> Exercise instructions:
Restate word for word the lines between the start of the material and the line with "Hey, what's going", keeping both of those ends and none of the pictures.

> Supplied data:
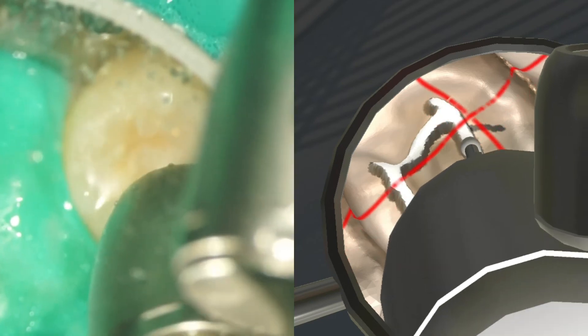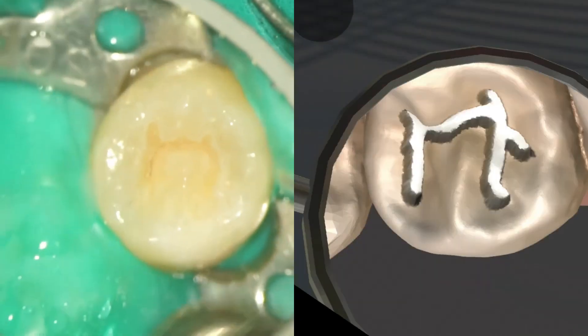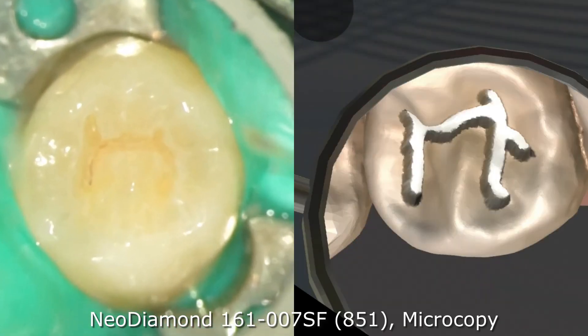The conservative cavity was prepared under indirect vision with the help of magnification. In conclusion, for fissurotomy, I recommend a cone-shaped diamond with a 0.7 mm tip diameter to achieve the required clinical precision.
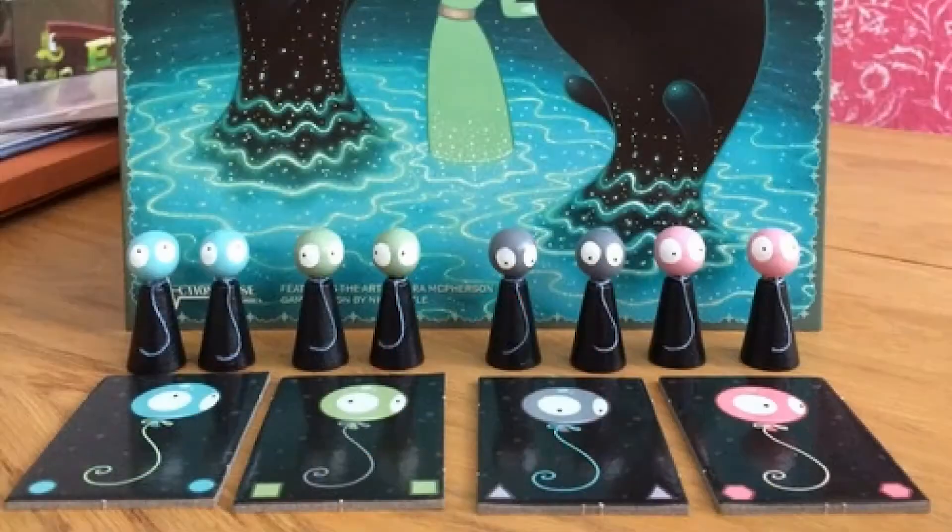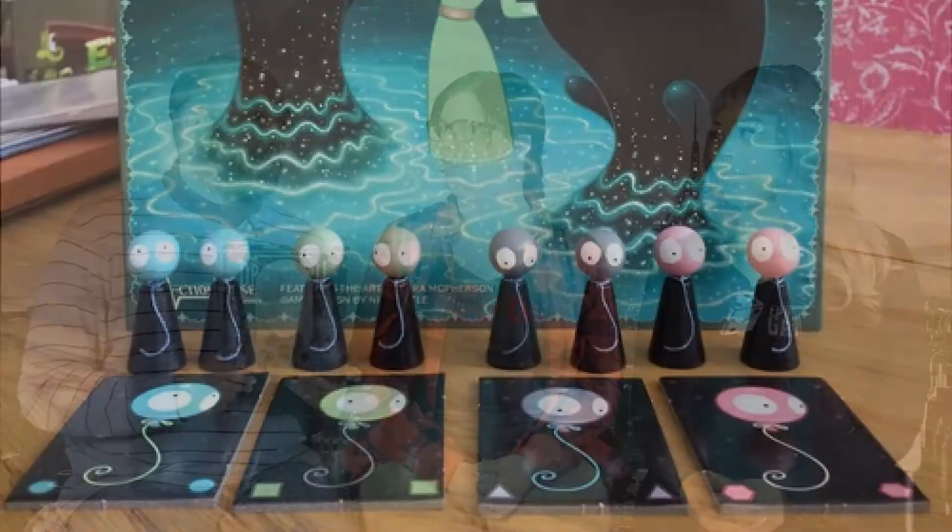So it's a small board, but there's so much you can do to try to get your objectives done. I really enjoyed the choices that the players had in order to take their actions. The art is fantastic, and it plays pretty quick. I really enjoyed this game.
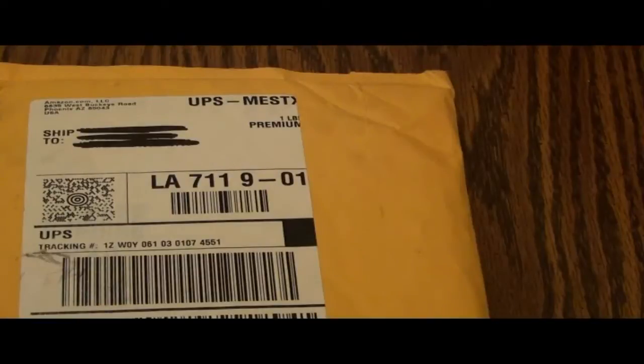Hey, what's going on you guys? It's your boy S.Review coming in for our unboxing. Just got this package in the mail. Let's see what it is.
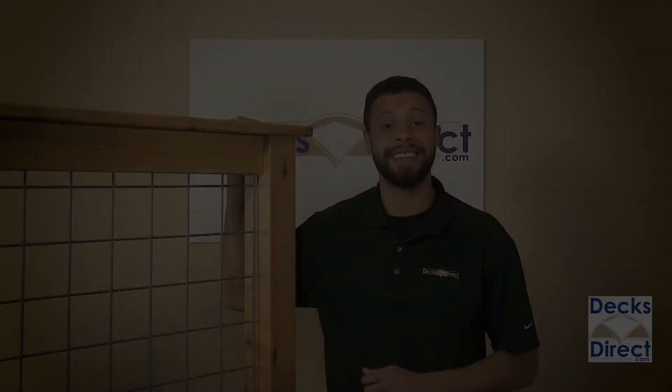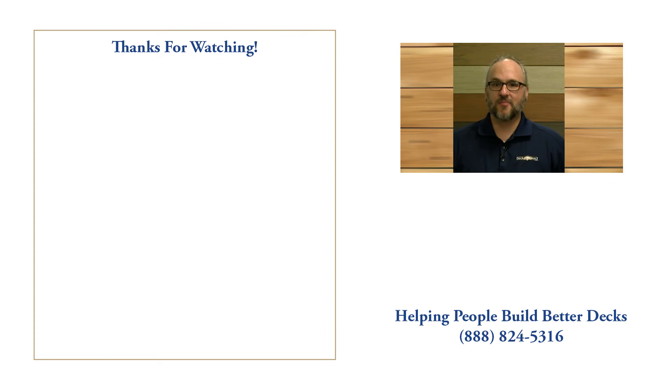Thanks for watching. My name is Mike and I'm part of the customer experience team here at DecksDirect. If you have any questions or comments, call us at 888-824-5316 or visit us at DecksDirect.com. If you found this video helpful, like, comment, and subscribe — we'd love to hear from you.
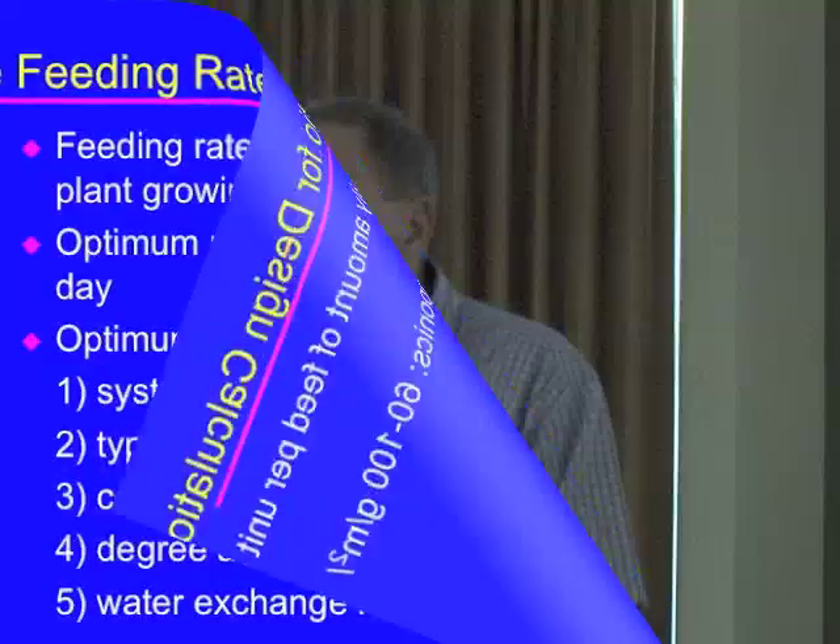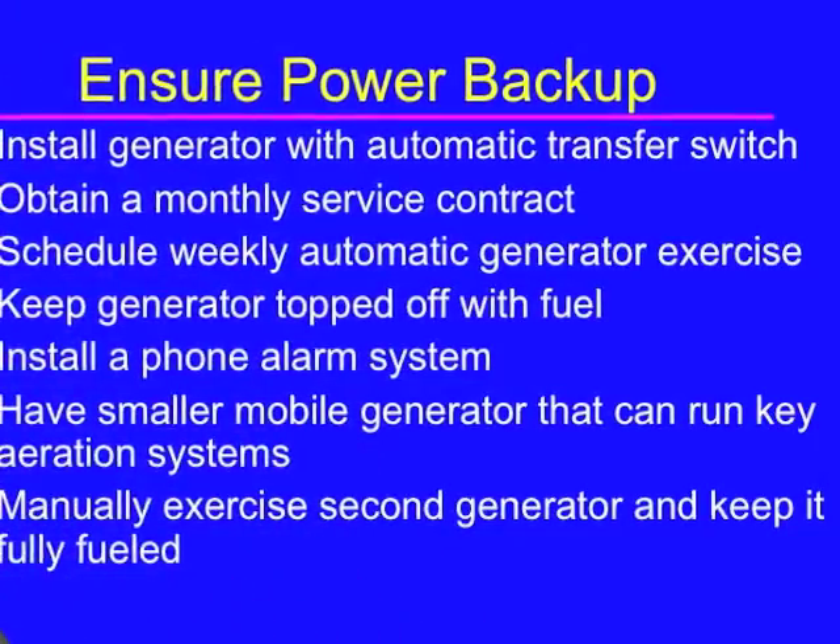The drum filter, which is sort of the industry standard, will take out all the solids. You will not be able to detect any solids in the effluent from this micro-screen drum filter. But we found in our system that...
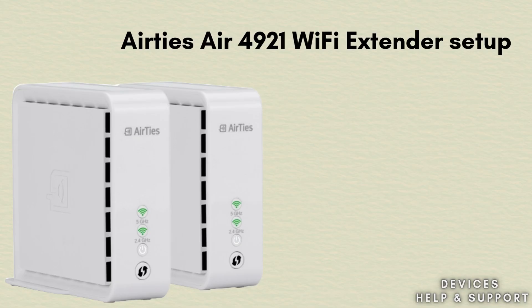In today's video we will discuss how to set up the Airties Air 4921 Wi-Fi Extender. If you're looking for the best extender to boost your Wi-Fi signal, this video is made for you.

> Solution to this exercise:
The conservative cavity was prepared under indirect vision with the help of magnification. In conclusion, for fissurotomy, I recommend a cone-shaped diamond with a 0.7 mm tip diameter to achieve the required clinical precision.
So it's a small board, but there's so much you can do to try to get your objectives done. I really enjoyed the choices that the players had in order to take their actions. The art is fantastic, and it plays pretty quick. I really enjoyed this game.
Hey, what's going on you guys? It's your boy S.Review coming in for our unboxing. Just got this package in the mail. Let's see what it is.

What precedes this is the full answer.